Exercise requirements: Locate the line that contains "Used 2016 MINI". Retype it and every line after it to the end of the records, exactly, but not the pictures.
[Task data — start]
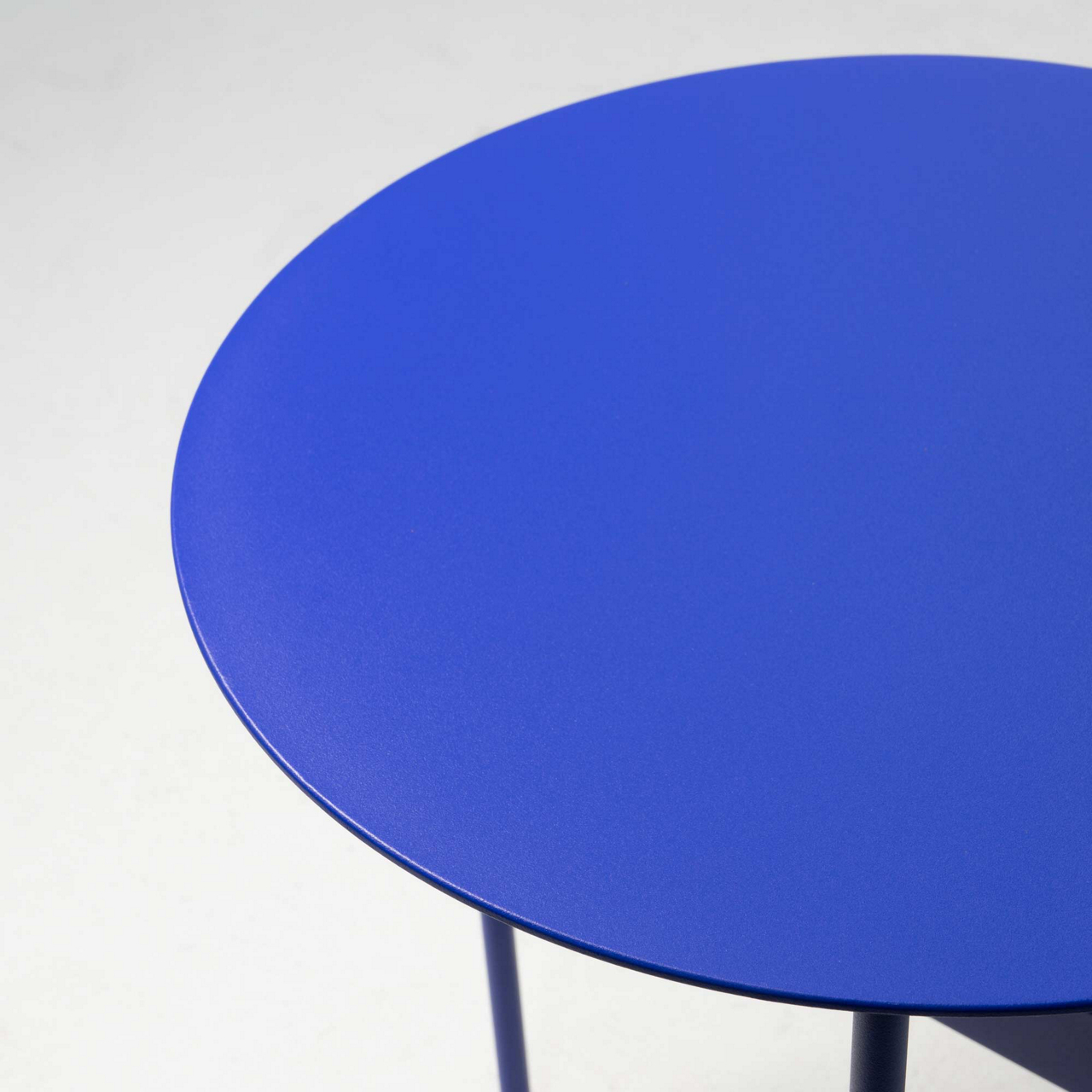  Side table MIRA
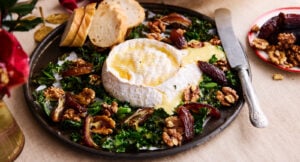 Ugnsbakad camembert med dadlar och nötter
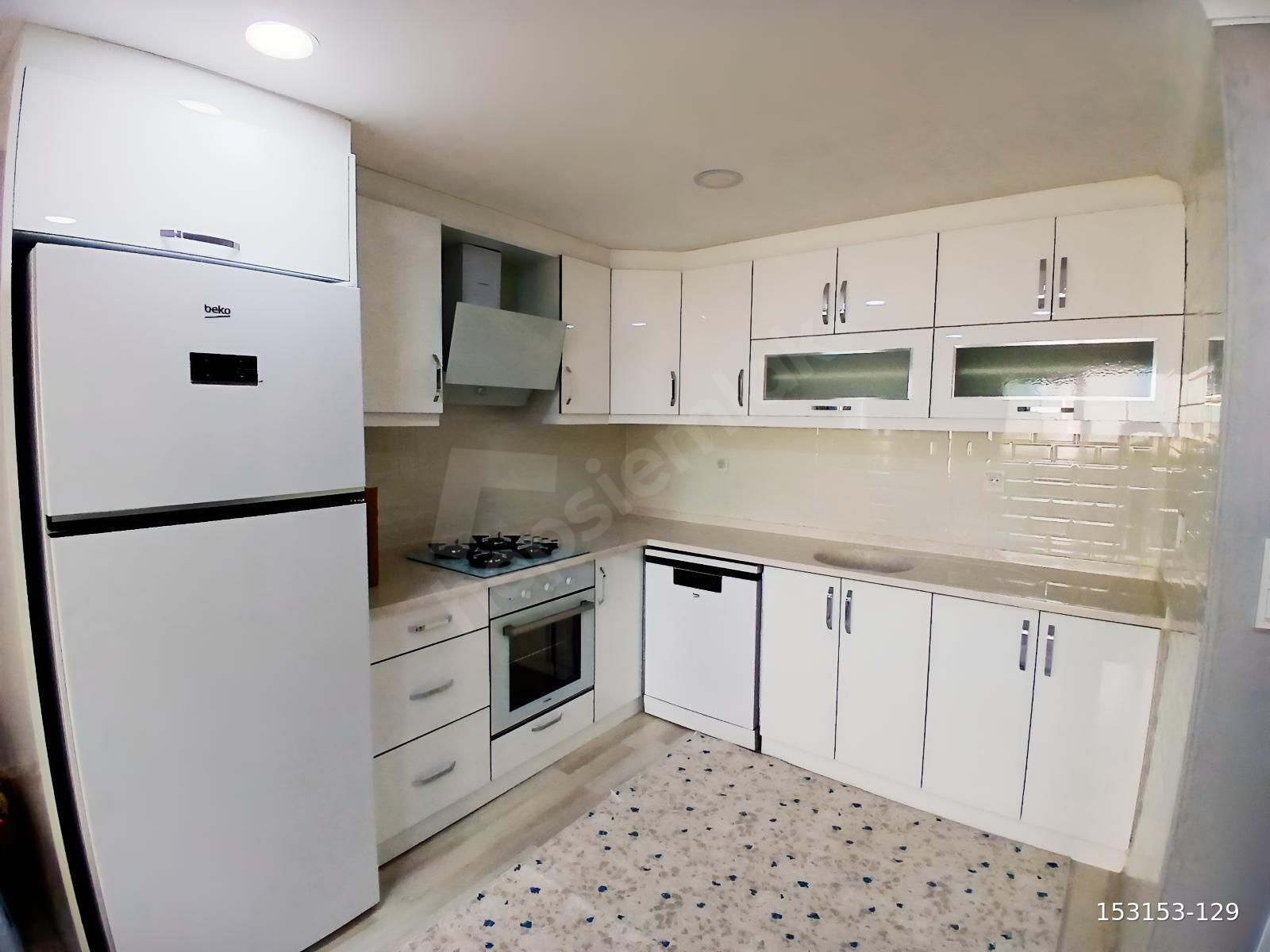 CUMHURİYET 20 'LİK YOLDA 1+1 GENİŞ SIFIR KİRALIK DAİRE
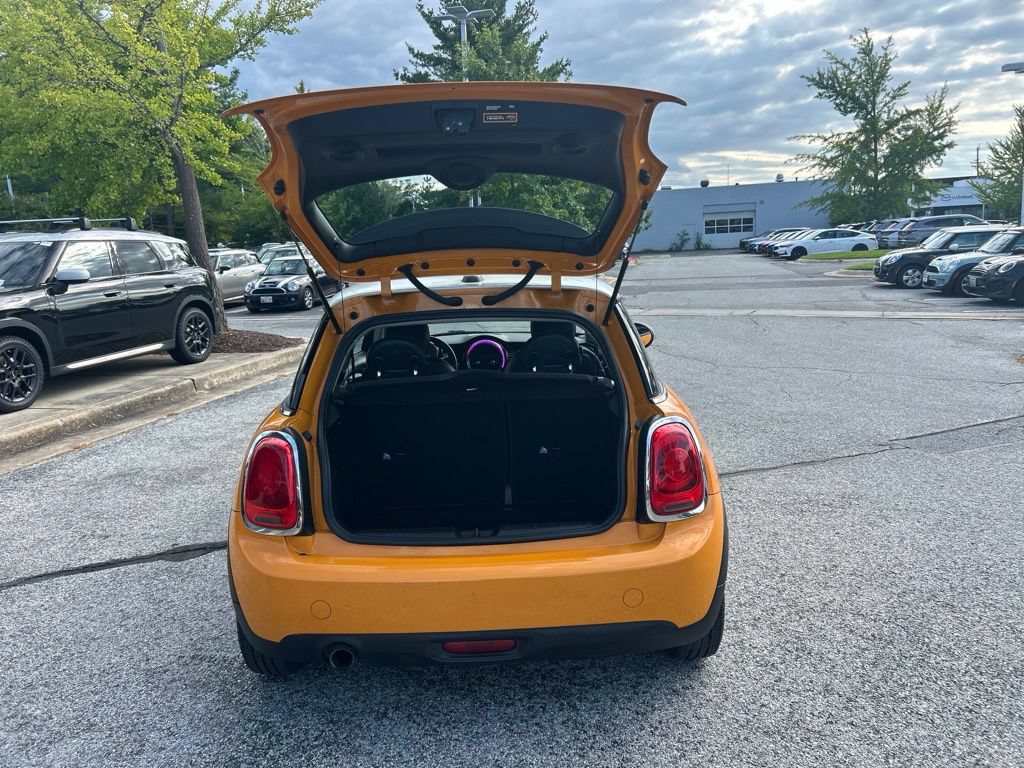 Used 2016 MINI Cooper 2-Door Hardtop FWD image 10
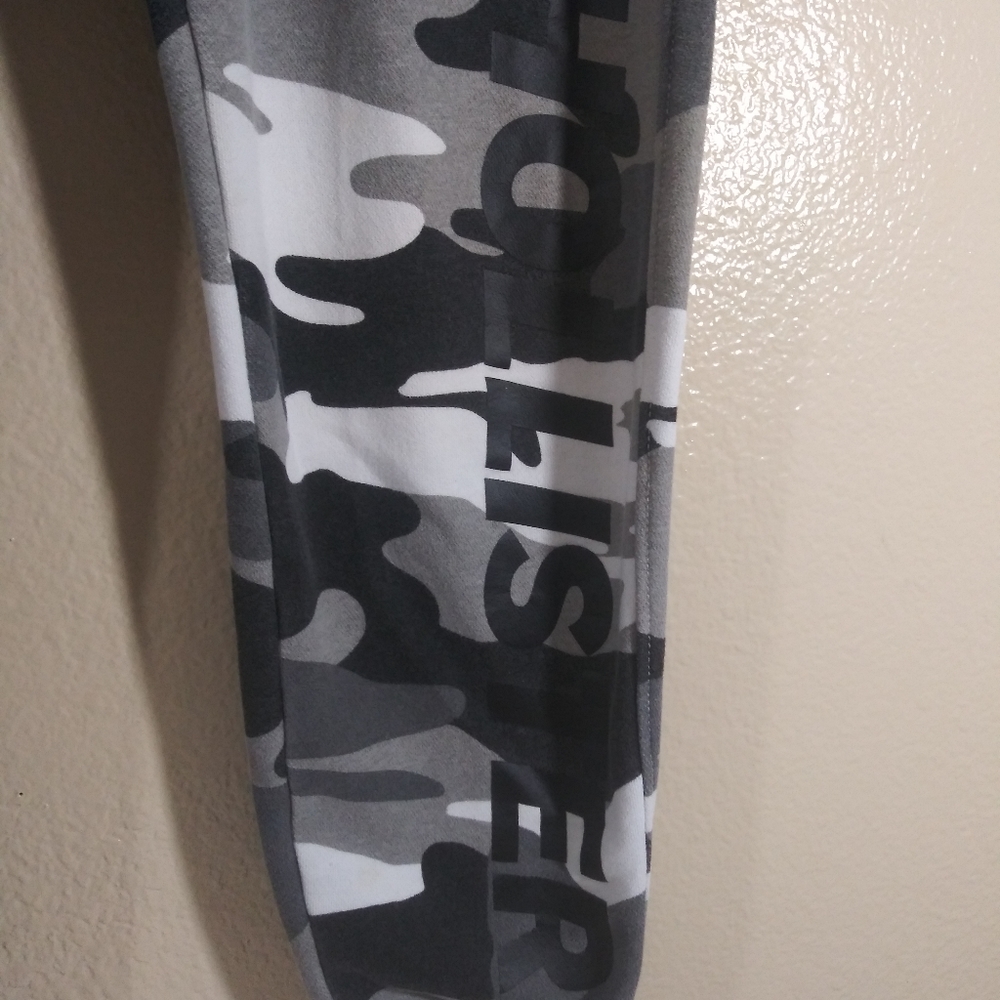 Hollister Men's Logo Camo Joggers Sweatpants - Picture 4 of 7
[Task data — finish]
Your response:
 Used 2016 MINI Cooper 2-Door Hardtop FWD image 10
 Hollister Men's Logo Camo Joggers Sweatpants - Picture 4 of 7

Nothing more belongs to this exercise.